When negotiations were over and sales concluded, the river canoes were loaded up with their newly acquired goods and paddled away. The captives who had been rejected by the agents were taken downstream and offered to rival traders; Bunce Island’s location meant that its agents had first pick of the tens of thousands of Africans who were shipped down the Sierra Leone River during the seventeenth and eighteenth centuries. The non-human commodities bought by the traders were deposited in a large storeroom and the captives were brought up through the main gate and into the fortress itself. In a large and open space, in front of the agents’ house where the Europeans lived, the men were separated from the women and children, tearing families apart, and all were marched off to special holding yards. Accessed through secure double doors, these yards were large open spaces behind walls more than three metres high. Inside were simple wooden shelters. As the slaves were now the property of the companies for whom the agents worked, it was in their economic interests to protect them from the elements. The agents understood that the longer slaves were warehoused in the holding yards the more of them became sick and died, lowering profits. They also knew that once the initial trauma of their capture subsided there was a greater risk that they might recover and combine in violent resistance. Yet the duration of their stay depended upon the arrival of slave ships seeking to make purchases.

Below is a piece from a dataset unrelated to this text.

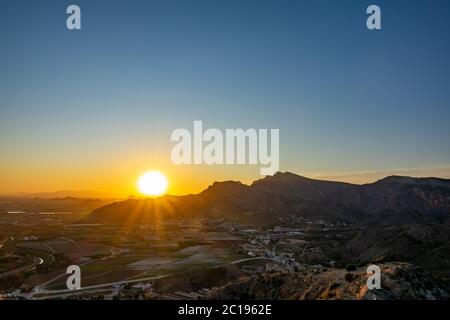 View to the mountains and the center of Orihuela, Spain during sunset Stock Photo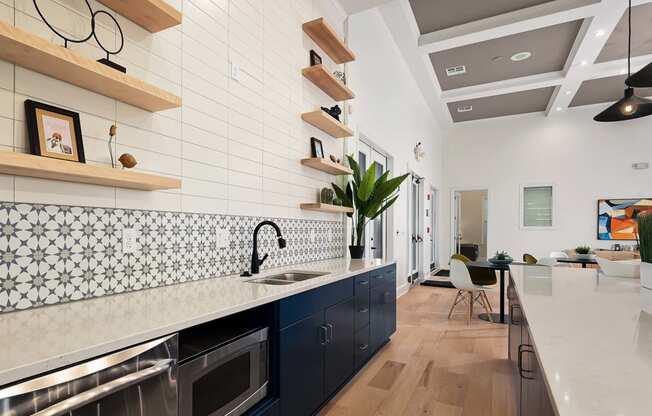 a kitchen with a long counter top and a sink at Sovereign at Overland Park, Overland Park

The northern wall of the men’s holding yard was also the outer wall of the agents’ house. It was by all accounts a two-storey building in which the agents attempted an approximation of a genteel existence. One visitor described it as being of a respectable and formidable appearance . . . about one hundred feet in length, and thirty in breadth, and contains nine rooms, on one floor, under which are commodious large cellars and store rooms’.² The front had a full-length veranda and the main entrance was an arched doorway that opened up into a hallway in which had been built a fireplace. In a country in which temperatures almost never drop below 20 °C this was a purely decorative flourish. The faux gentility of the agents’ house was undermined by the fact that the windows of the room in which they and their guests dined and drank looked directly into the men’s holding yard. Today the ruins of this strange villa, far higher than the other structures on the island, look like they could come crashing down at any moment. Fallen bricks and lumps of local stone litter the ground and there are sections of wall that remain upright more out of habit than structural integrity.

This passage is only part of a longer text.